基于分层抽样的不均衡数据集成分类

北京交通大学计算机与信息技术学院,北京 100044

人工智能; 不均衡分类; 分层抽样; 集成学习; 聚类; 数据挖掘

Stratified sampling based ensemble classification for imbalanced data
WANG Xinyue and JING Liping

School of Computer and Information Technology, Beijing Jiaotong University, Beijing 100044, P.R.China

artificial intelligence; imbalance classification; stratified sampling; ensemble learning; clustering; data mining

DOI: 10.3724/SP.J.1249.2019.01024

备注

不均衡数据分类是数据挖掘领域的一个难点问题,对多数类样本进行降采样可简单且有效地解决不均衡数据处理面临的两大核心问题,即如何从数类占绝对优势的数据集合中最大程度地挖掘少数类信息; 如何确保在不过度损失多数类信息的前提下构建学习器.但现有的降采样方法往往会破坏原始数据结构特性或造成严重的信息损失.本研究提出一种基于分层抽样的不均衡数据集成分类方法(简记为EC-SS),通过充分挖掘多数类样本的结构信息,对其进行聚类划分; 再在数据块上进行分层抽样来构建集成学习数据成员,以确保单个学习器的输入数据均衡且保留原始数据的结构信息,提升后续集成分类性能.在不均衡数据集Musk1、Ecoli3、Glass2和Yeast6上,对比EC-SS方法与基于随机抽样的不均衡数据集成分类方法、自适应采样学习方法、基于密度估计的过采样方法和代价敏感的大间隔分类器方法的分类性能,结果表明,EC-SS方法能有效提升分类性能.

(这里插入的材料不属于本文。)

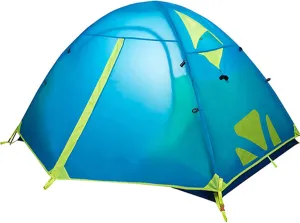 Ultralight Camping Tent 3 Person Windproof Rainproof Breathable Tent Aluminum Bracket for Outdoor Hiking Mountaineering Backpack Travel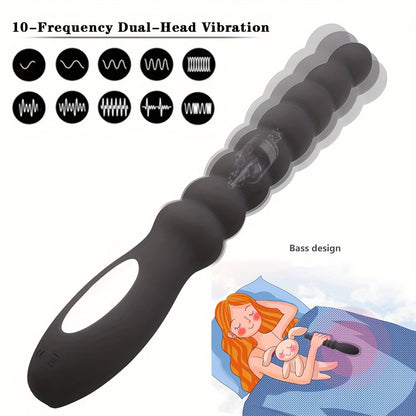 1pc Rechargeable Anal Ball Anal Vibrator with 10 Vibration Modes, G Spot Vagina Vibrator Anal Plug for Prostate Massage, Anal Beads for Men Women Couples SM Near Adults - High-Quality Sex Toys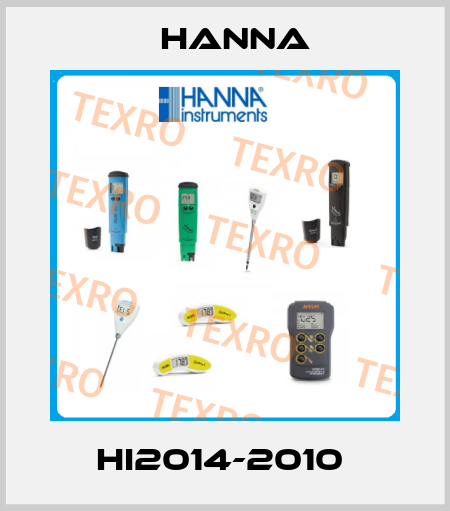 HI2014-2010  Hanna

The imbalanced data set is ubiquitous in the real-world applications. There are two key issues for the downsampling processing based imbalanced data classification. One is how to maximize the mining of minority type of information from the data set with absolute dominance of several types. The second one is how to ensure that the learner is built without excessive loss of most types of information. A simple and effective strategy is to conduct the downsampling on the majority class. The existing methods usually suffer from losing the information or destroying the intrinsic structure of the original data set. In this paper, we propose a new imbalanced data ensemble classification method with the aid of stratified sampling on majority class(EC-SS). To mine the hidden structure in majority class sufficiently, an adaptive self-tuning clustering strategy is adopted to separate the major-class samples into different strata and then the stratified sampling is used to under-sample the majority class. This strategy works well to generate the data components for subsequent ensemble learning, and its main advantage is to keep the data structure of the original data set. A series of experiments on the real benchmark datasets Musk1, Ecoli3, Glass2, and Yeast6, show that the proposed EC-SS outperforms the baselines of ensemble classification based on random sampling(EC-RS), adaptive sampling with optimal cost for class-imbalance learning(AdaS), kernel based adaptive synthetic data generation(KernelADASYN)and cost-sensitive large margin distribution machine(CS-LDM).

·